On the turn of the fifth century the Blemmyes established a short-lived state in Upper Egypt and Lower Nubia, probably centred around Talmis (Kalabsha), but before 450 they were already driven out of the Nile Valley by the Nobatians. The latter eventually founded a kingdom on their own, Nobatia.[57]
By the sixth century there were in total three Nubian kingdoms: Nobatia in the north, which had its capital at Pachoras (Faras); the central kingdom, Makuria centred at Tungul (Old Dongola), about 13 kilometres (8 miles) south of modern Dongola; and Alodia, in the heartland of the old Kushitic kingdom, which had its capital at Soba (now a suburb of modern-day Khartoum).[58] Still in the sixth century they converted to Christianity.[59] In the seventh century, probably at some point between 628 and 642, Nobatia was incorporated into Makuria.[60]
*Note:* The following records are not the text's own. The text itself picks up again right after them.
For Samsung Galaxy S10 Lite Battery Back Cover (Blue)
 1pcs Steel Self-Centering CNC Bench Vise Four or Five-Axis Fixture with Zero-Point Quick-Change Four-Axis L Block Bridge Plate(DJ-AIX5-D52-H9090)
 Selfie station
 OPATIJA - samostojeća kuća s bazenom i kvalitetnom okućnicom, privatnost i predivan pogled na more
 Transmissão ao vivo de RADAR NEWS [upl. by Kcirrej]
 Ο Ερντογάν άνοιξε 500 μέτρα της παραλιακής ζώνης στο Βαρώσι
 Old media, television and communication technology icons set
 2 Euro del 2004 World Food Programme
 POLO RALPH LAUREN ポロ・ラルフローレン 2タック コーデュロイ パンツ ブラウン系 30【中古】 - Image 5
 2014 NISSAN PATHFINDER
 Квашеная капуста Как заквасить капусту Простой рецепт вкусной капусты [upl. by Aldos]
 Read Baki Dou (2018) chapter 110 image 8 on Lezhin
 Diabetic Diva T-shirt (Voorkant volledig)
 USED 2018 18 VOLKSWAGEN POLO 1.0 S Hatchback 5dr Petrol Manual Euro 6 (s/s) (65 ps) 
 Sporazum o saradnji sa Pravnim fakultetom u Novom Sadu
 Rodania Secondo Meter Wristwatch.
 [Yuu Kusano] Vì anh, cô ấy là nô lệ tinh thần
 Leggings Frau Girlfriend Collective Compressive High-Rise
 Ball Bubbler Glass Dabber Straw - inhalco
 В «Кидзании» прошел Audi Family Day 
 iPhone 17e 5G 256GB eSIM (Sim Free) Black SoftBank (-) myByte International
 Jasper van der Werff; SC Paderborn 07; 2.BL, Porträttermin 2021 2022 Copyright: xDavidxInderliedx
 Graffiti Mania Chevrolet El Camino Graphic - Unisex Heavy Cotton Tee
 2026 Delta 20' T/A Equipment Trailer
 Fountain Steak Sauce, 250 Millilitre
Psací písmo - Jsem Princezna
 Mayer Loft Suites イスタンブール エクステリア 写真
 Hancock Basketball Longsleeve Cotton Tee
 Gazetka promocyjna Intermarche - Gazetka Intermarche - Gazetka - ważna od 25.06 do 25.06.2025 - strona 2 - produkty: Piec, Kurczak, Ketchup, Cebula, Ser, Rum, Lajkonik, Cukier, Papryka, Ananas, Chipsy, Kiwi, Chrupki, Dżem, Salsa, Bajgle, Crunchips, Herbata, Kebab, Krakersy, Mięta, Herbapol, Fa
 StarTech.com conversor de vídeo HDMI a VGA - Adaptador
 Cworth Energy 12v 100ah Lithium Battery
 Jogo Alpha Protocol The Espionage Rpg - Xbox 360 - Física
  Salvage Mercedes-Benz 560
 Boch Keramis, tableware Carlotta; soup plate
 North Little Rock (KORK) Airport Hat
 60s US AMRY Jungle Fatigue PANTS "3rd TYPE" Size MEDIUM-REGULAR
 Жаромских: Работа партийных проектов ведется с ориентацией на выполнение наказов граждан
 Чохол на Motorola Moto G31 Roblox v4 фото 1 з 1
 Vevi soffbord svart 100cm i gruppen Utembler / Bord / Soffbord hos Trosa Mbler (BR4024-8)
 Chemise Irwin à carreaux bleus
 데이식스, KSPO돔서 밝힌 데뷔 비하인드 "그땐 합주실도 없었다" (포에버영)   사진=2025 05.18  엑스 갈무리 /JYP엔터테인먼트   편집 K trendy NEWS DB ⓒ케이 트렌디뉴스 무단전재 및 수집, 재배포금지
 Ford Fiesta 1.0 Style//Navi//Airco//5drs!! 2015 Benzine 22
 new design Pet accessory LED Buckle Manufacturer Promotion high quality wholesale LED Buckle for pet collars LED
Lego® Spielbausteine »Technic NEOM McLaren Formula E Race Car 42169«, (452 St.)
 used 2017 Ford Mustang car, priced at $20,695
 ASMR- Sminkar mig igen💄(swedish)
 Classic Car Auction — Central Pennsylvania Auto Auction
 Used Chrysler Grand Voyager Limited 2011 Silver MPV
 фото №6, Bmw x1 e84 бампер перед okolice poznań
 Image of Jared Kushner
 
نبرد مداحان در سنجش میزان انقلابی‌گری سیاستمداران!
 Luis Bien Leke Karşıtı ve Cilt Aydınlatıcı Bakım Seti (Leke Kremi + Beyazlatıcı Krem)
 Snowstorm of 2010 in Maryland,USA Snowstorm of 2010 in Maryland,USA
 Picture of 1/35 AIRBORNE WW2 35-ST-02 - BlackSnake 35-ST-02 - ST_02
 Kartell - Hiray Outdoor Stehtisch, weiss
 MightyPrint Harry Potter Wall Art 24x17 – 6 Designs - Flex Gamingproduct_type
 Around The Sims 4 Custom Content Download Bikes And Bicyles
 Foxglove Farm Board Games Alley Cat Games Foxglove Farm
From the mid eighth to mid eleventh century the political power and cultural development of Christian Nubia peaked.[64] In 747 Makuria invaded Egypt, which at this time belonged to the declining Umayyads,[65] and it did so again in the early 960s, when it pushed as far north as Akhmim.[66] Makuria maintained close dynastic ties with Alodia, perhaps resulting in the temporary unification of the two kingdoms into one state.[67] The culture of the medieval Nubians has been described as "Afro-Byzantine",[68] but was also increasingly influenced by Arab culture.[69] The state organisation was extremely centralised,[70] being based on the Byzantine bureaucracy of the sixth and seventh centuries.[71] Arts flourished in the form of pottery paintings[72] and especially wall paintings.[73] The Nubians developed an alphabet for their language, Old Nobiin, basing it on the Coptic alphabet, while also using Greek, Coptic and Arabic.[74] Women enjoyed high social status: they had access to education, could own, buy and sell land and often used their wealth to endow churches and church paintings.[75] Even the royal succession was matrilineal, with the son of the king's sister being the rightful heir.[76]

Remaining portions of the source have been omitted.